Atatürk Araştırma Merkezi Dergisi · 2019, Cilt XXXV, Sayı 100 · Sayfa: 555-584 · DOI: 10.33419/aamd.642446
Tam Metin
Ülkelerin gelişmişlik düzeylerinin ve modernleşmelerinin birçok değerlendirme unsurları vardır. Bu kriterlerden biri de o ülkelerin başkentlerinin gelişim düzeyidir. Bu bağlamda Türkiye Cumhuriyeti Devleti'nin başkenti Ankara, ülkeye örnek bir şehir olma yolunda hızlı bir yapılanmaya tabi tutulmuştur. Bu yapılanmaların en önemlilerinden biri Atatürk Orman Çiftliği'dir. Çiftlik; Ankara'daki sıtma hastalığıyla mücadele etmek, çorak arazileri verimli hale getirmek, şehri güzelleştirmek, şehre sosyal hizmet sunmak, şehrin tarımsal üretimini arttırmak ve endüstri kuruluşlarla Ankara ekonomisine canlılık kazandırmak amacıyla kurulmuştur. Çiftlik, bu amaçları gerçekleştirirken ülkenin diğer şehirlerine de her alanda model de olmuştur.

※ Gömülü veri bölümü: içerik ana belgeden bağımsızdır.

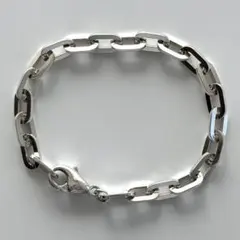 Item thumbnail for item 48a0882b-02fb-4c61-9293-030db780db39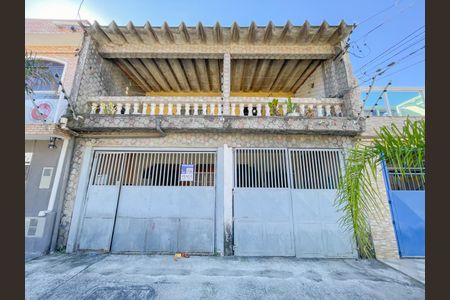 Casa à venda com 200m², 3 quartos e 2 vagasFachada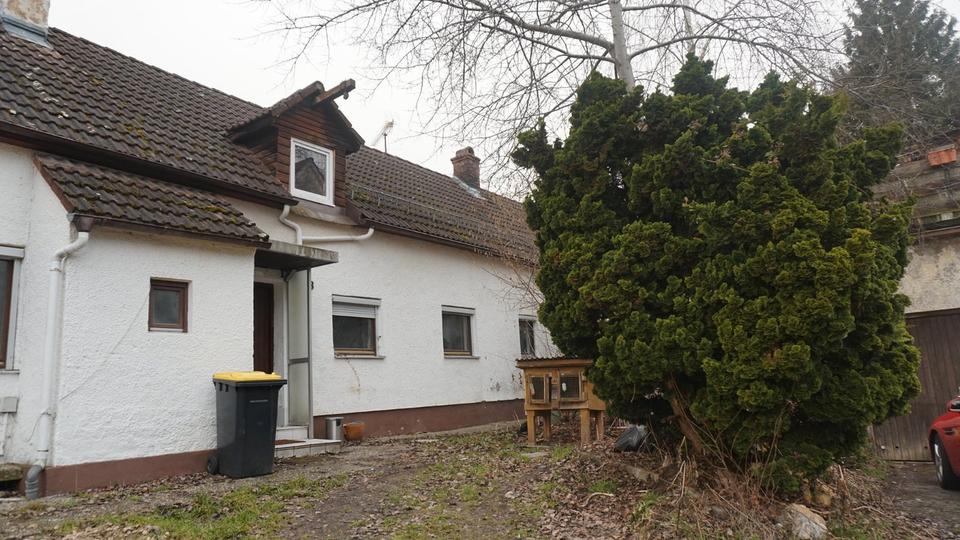 Einfamilienhaus Neuburg an der Kammel - 3 Zimmer, 100 m&sup2;, 150.000&euro; | Angebot:26942048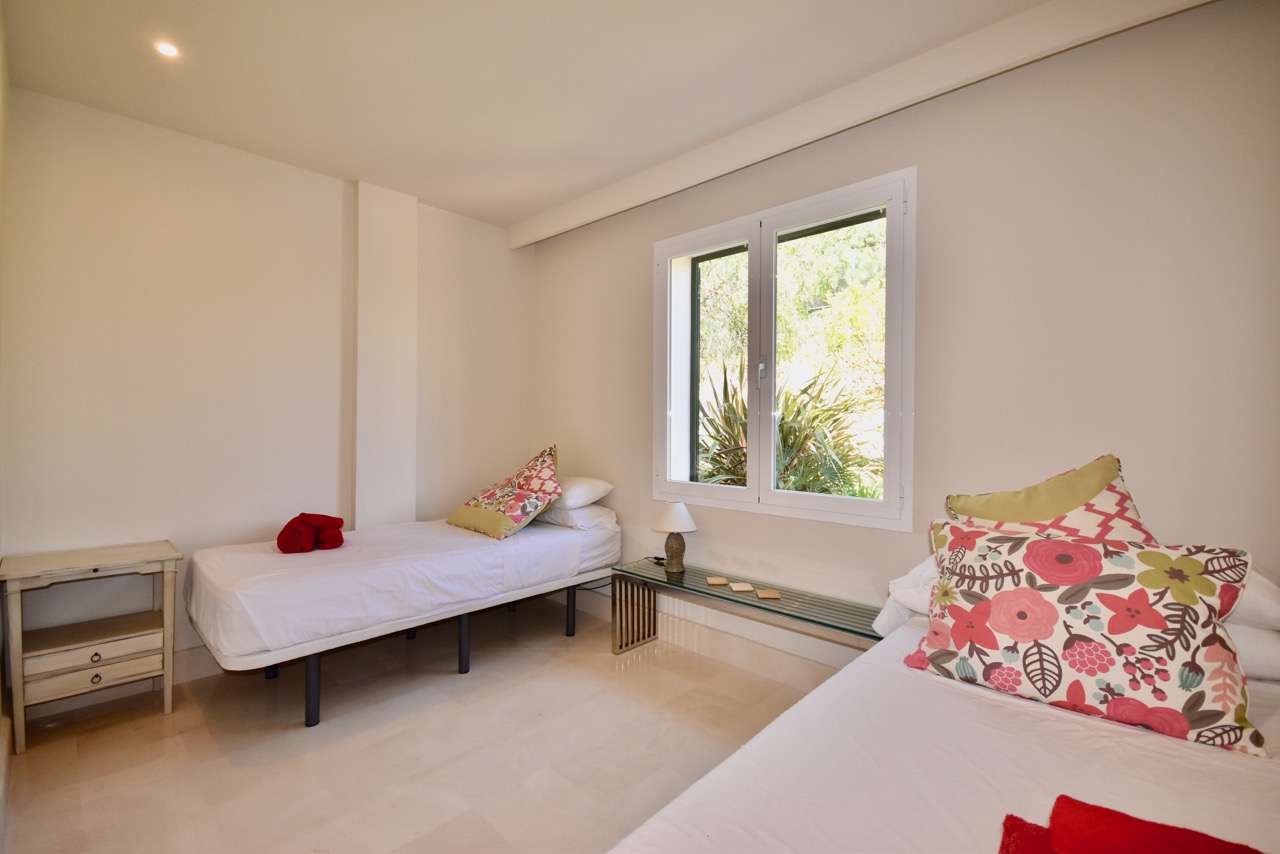 Apartamento de lujo con vistas panorámicas al mar con vistas a Finca Cortesin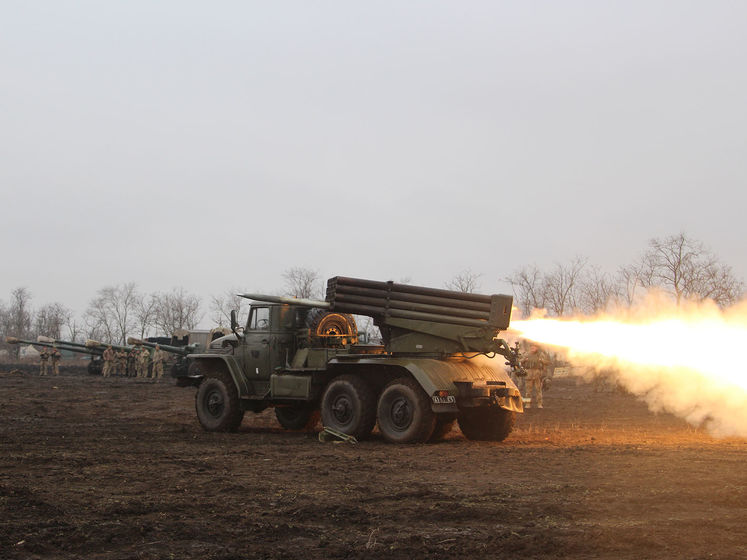 В результате обстрелов на Донбассе пострадало двое украинских военных &ndash; штаб ООС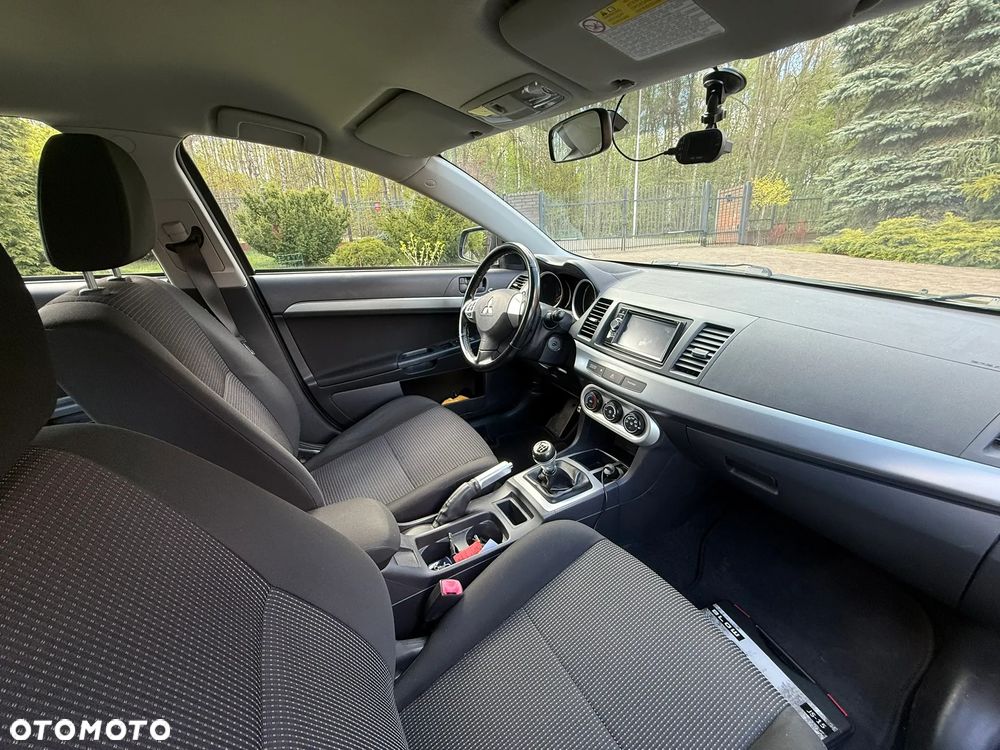 Mitsubishi Lancer 1.6 ClearTec Inform - 15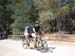 1012_Pique-nique de depart - Bruno et Sylvain rentrent en tandem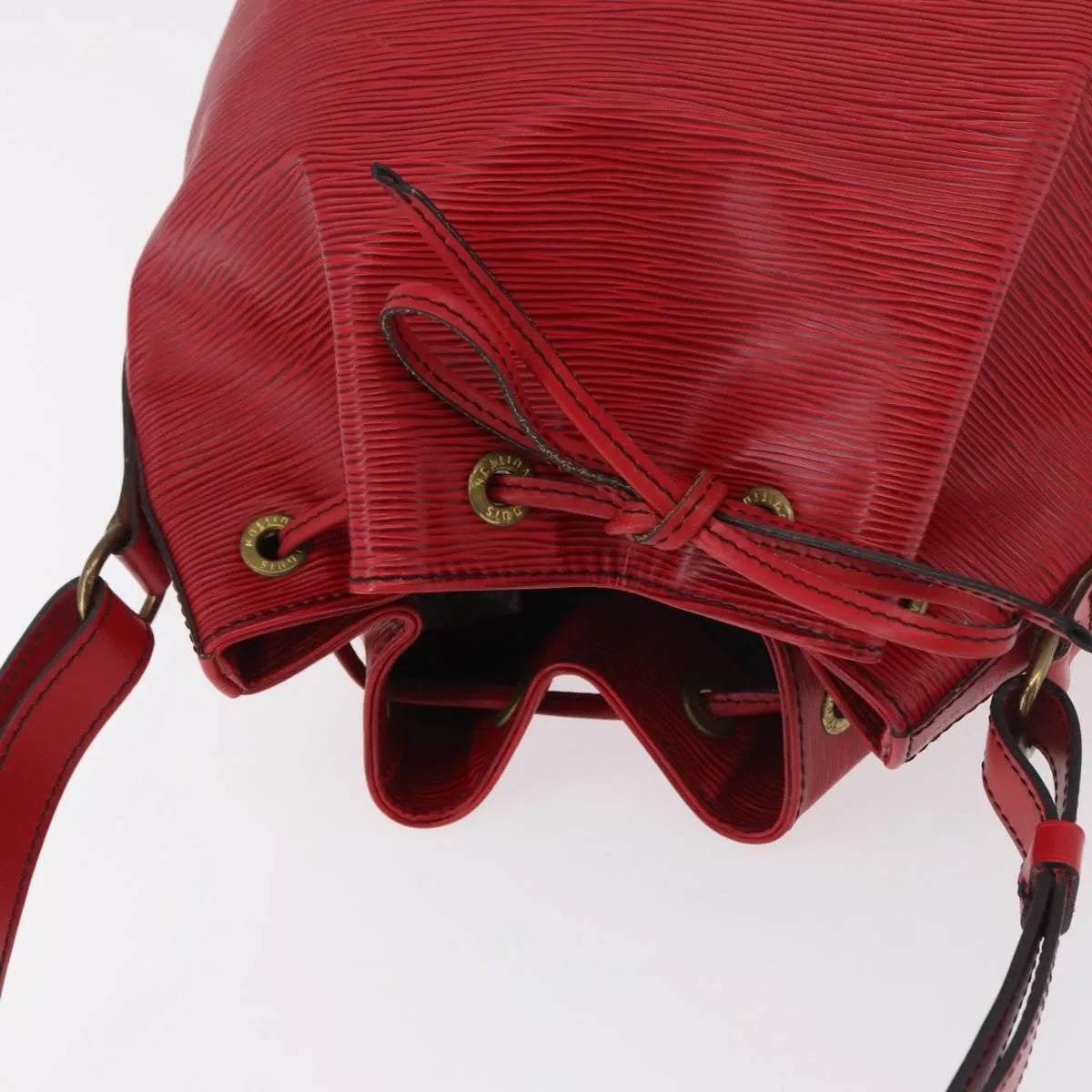 Louis Vuitton Petit Noe Epi Leather Red Leather Shoulder Bag Bag (Pre-Owned)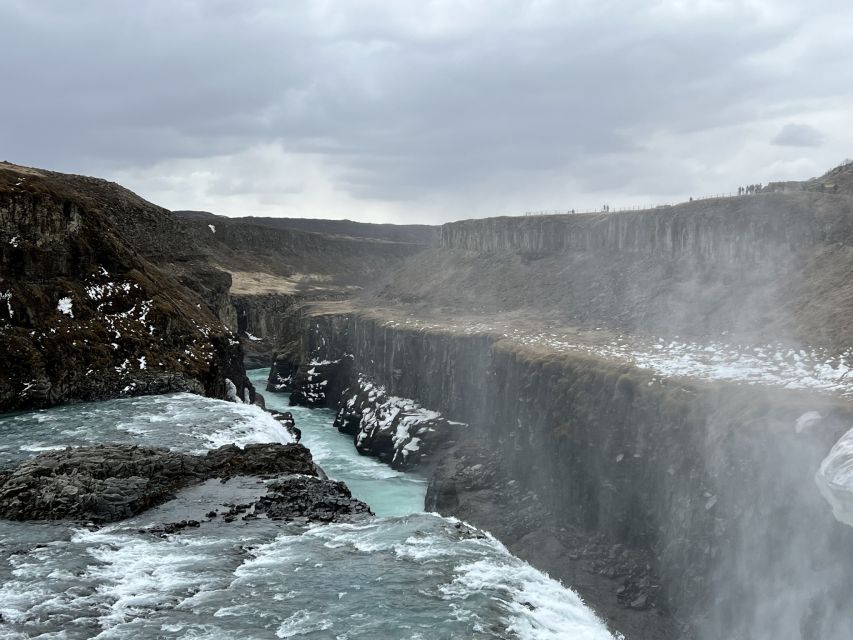 Golden circle, hot spring bakery, tomato farm private tour - Meeting and feeding Icelandic horses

Atatürk Orman Çiftliği'nin başkente çok güzel yansımaları ve olumlu etkileri olmuştur: Şehir, kısa sürede mimari yapısıyla, şehirleşme hızıyla, yeşil alanlarıyla örnek tarım kenti haline gelmesiyle Türkiye'nin örnek alınacak şehri olmuştur. Atatürk Orman Çiftliği, ülkeye hizmetlerine devam ederken bu büyük kuruluşa -Ulu Önder Atatürk'ün İş Bankası hesabından karşılanmak suretiyle- çiftlikler alınmış ve çiftlik içindeki yapılarda - Ulu Önder Atatürk'ün İş Bankası hesabından karşılanmak suretiyle- inşa edilmiştir. Çiftliğin mimari yapısı için yabancı bilim adamlarından faydalanılmıştır. Bu bilim adamları Ankara'yı yeniden inşa ederken: "Modernleşme sürecinde sabır ve para tükenmezse burada çok modern bir şehir kurulabilir." diye de eklemişlerdir. Yabancıların bu sözleri karşısında şehrin inşası üzerinden on yıl gibi kısa süre geçmeden Ankara evrensel gelişmişlik düzeyini yakalama konusunda ivme kazanmıştır.Bu çalışmada Atatürk dönemi faaliyetlerinden Ankara Atatürk Orman Çiftliği ve bu çiftliğin ülkenin modernleşme hamlesine etkileri, dönemin basınındaki makale ve haberleriyle desteklenerek ifade edilmeye çalışılacaktır.